Range and performance

Standard-range versions promise up to 197 miles between charges, while long-range versions officially achieve 280 miles. We drove the small-battery model in Lisbon in good weather, and we would have got very close to the EV2’s official estimate based on how far we drove and the level of charge left at the end. Efficiency seems healthy: we saw 5 miles per kWh in a journey that took in urban sprawl, winding hill roads and the motorway. More like 6mi/kWh in snarly stop-start traffic.
Ah yes, but what about in Britain when it’s rarely 20 degrees? Obviously efficiency will drop a bit in cold weather, but Kia tells us that the EV2 managed 75% of its quoted WLTP figure in -20 degree weather, whereas the rivals it mentioned achieved about 60% of their respective range estimates. We’ll take Kia’s word for it — rather them test in those conditions than us! A heat pump is optional.

Both batteries can charge from 10-80% in half an hour at the right charger, and the EV2 is the first Kia to offer 22kW AC charging — which, admittedly, is more common in Europe than in the UK, and it's a cost extra. But both batteries are small enough to take advantage of the cheap periods of power on an EV-focused electricity tariff.
The front-mounted electric motor produces 147hp — more than enough for a car of this size. Acceleration at lower speeds is perfect, feeling zippy and eager without launching you forward towards the car in front at a scary speed. As you go faster the acceleration isn’t quite so punchy, but there’s still enough in reserve for motorway overtakes. In normal everyday driving, the EV2 never feels like it could do with any more power.
Driving and comfort

The EV2’s European development has paid off, and it feels ideally matched to what UK buyers tend to value. Occasionally the EV2 feels firm over sharp impacts at lower speeds, but it has a grown-up level of ride quality that makes light work of scruffy road surfaces. It settles quickly and always feels controlled.
Refinement is excellent. There’s loads of sound deadening and vibration suppression underneath the floor mats and under the bonnet, plus an acoustic windscreen, so you never hear the e-motor and there’s only a bit of wind and tyre noise at high speeds. Doubly impressive considering that the EV2 looks like a toy model of a Land Rover.
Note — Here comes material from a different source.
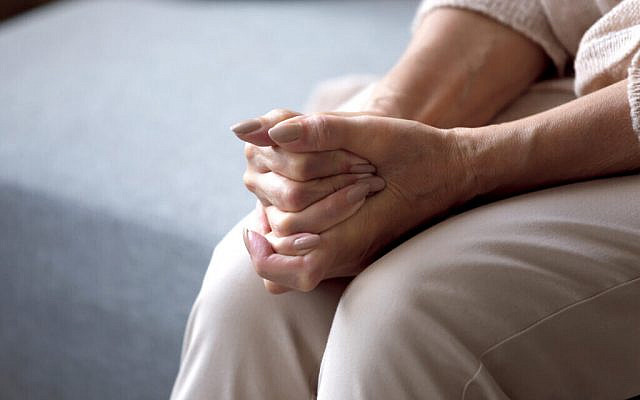 Elderly woman seated on couch holding hands together folded on lap feeling lonely (Via Jewish News)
The steering is accurate and well-weighted, although if we were being really picky we’d like a little more steering feel and a very slightly quicker steering rack to improve the car’s handling just a touch. There’s not much difference in the steering wheel weight between the Eco, Normal and Sport driving modes, and only a subtle difference in the throttle response.
The overriding experience is that the EV2 is really easy to drive. Everything works as it should, there aren’t any surprises and it’s a car that you can just get in and go, without messing around with menu after menu before every journey. It never feels like you’re driving a small-ish, cheap-ish car. We didn’t even find the driver assistance systems too intrusive, and they’re mostly easy to turn off if you do decide to continue without them.